### What the exercise asks:
Please return every line of the material verbatim and skip any images.

### Material provided:
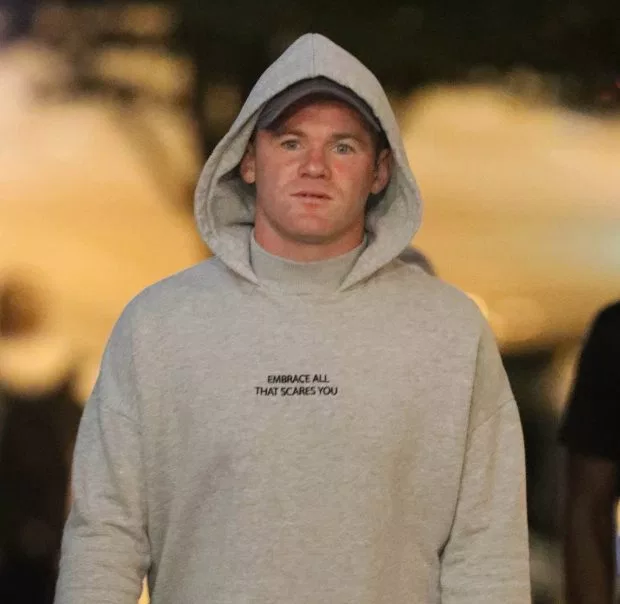 太阳报：鲁尼深夜与队友逛夜店，先后与3名女子举止亲昵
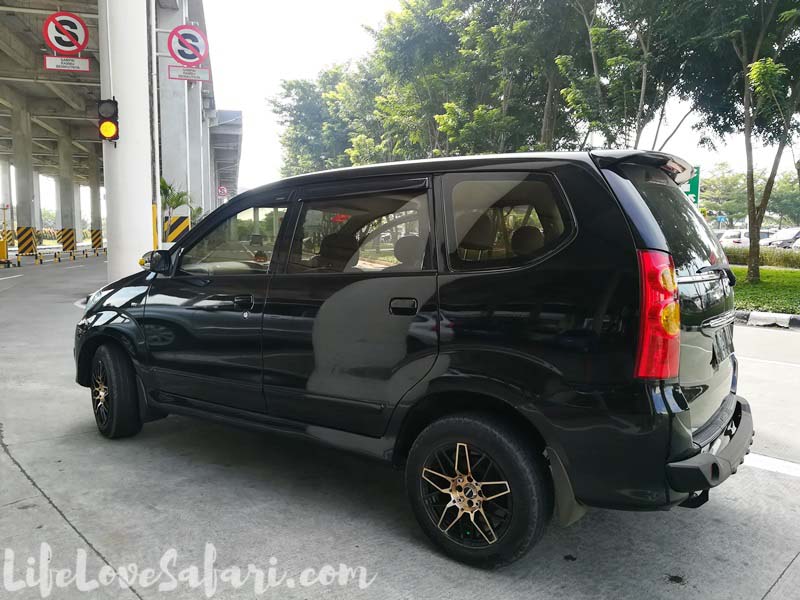 Private car to Bukit Lawang.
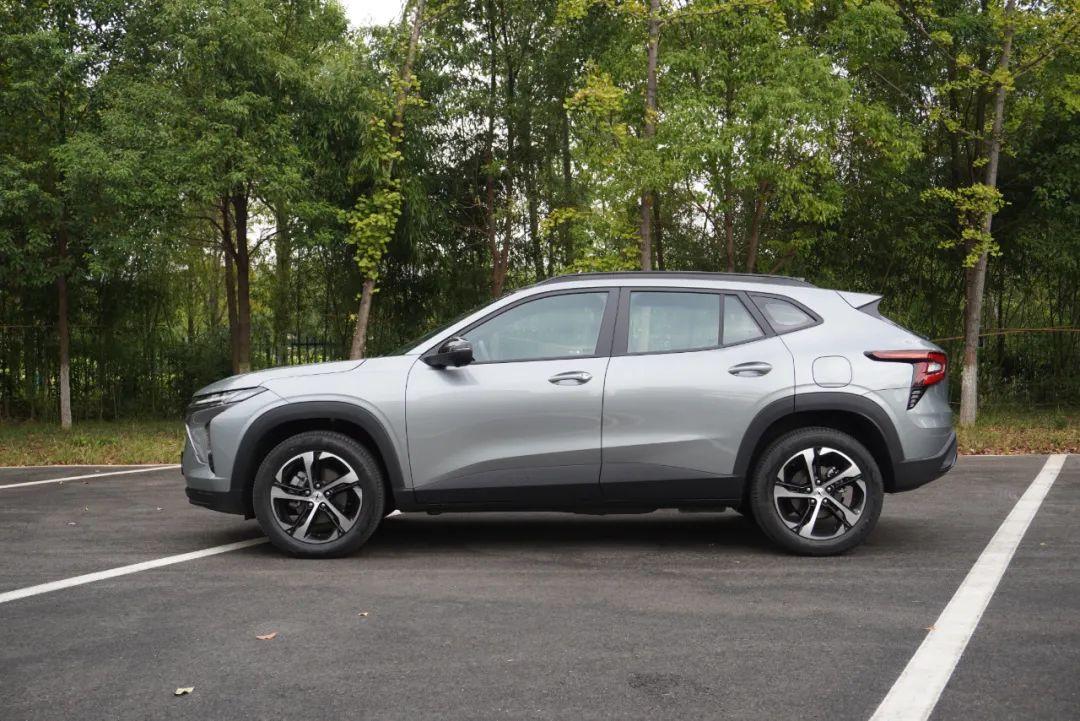 雪弗萊最新款，開(kāi)啟一段溫馨的駕駛之旅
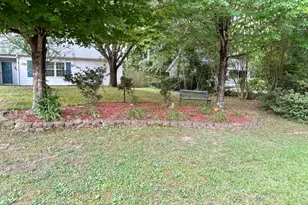 733 Fallowfield Dr, Loganville, GA 30052 - Photo 25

### Expected answer:
 太阳报：鲁尼深夜与队友逛夜店，先后与3名女子举止亲昵
 Private car to Bukit Lawang.
 雪弗萊最新款，開(kāi)啟一段溫馨的駕駛之旅
 733 Fallowfield Dr, Loganville, GA 30052 - Photo 25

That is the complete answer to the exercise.